But I’m not sure I’m going to write about every little subsequent catastrophe. Already with people plotting against the czar things are dicey, and I know that they’re only going to get worse.

…. I guess I forgot that there are periods of lawlessness in Russian history too, like the Civil War—which I guess makes sense because the country was quite unsettled in the 90s, too.

Plato would have loved the phrase ‘dictatorship of the proletariat’. “…. And after anarchy comes the dictatorship of the proletariat, such as in Russia, or else a dictatorship characterized more by….”

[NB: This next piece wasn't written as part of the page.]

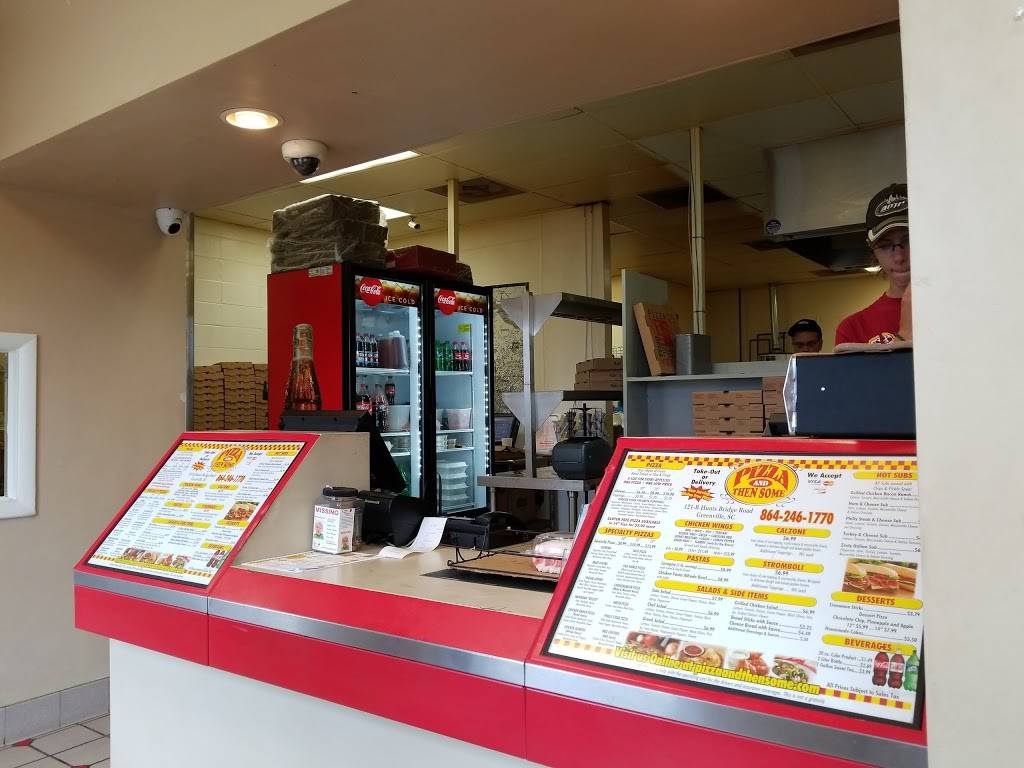 PIZZA AND THEN SOME | restaurant | 121 Hunts Bridge Rd, Greenville, SC 29617, USA | 8642461770 OR +1 864-246-1770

Corrupt government, followed by excess of anarchy, followed by even more unconscionable tyranny. Do you not agree that it is so?
I do, Socrates.

…. It is funny though, because there is kinda a czarist or whatever reading of Russian history. What do you do with post-unfree labor? Punish it before it rebels!

So History asked them again, What do you want me to do with the one called Post-Unfree Labor? And shouted back, Punish it! Why? asked History. What evil has it done? But they shouted back all the louder, Punish it!

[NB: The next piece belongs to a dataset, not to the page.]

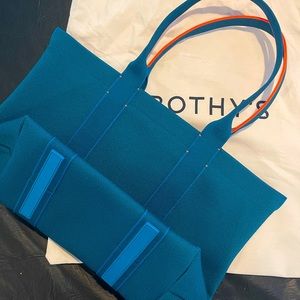 Deep teal essential tote Rothy’s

I really don’t know what else to say to this particular reading of history. I have it good, because I’m hurting you. My behavior possibly puts me or my people’s status in risk down the road, and you unquestionably suffer now, and probably also in any rebellion you might stage. What do I do?

I lash out! Because when people at the top act out, that’s acting the right way. ^^

…. It was a real vicious circle, and at every step along the way, from the czar to the White Guards to the Nazis, opposition and war just kept driving the commies deeper and deeper into insanity.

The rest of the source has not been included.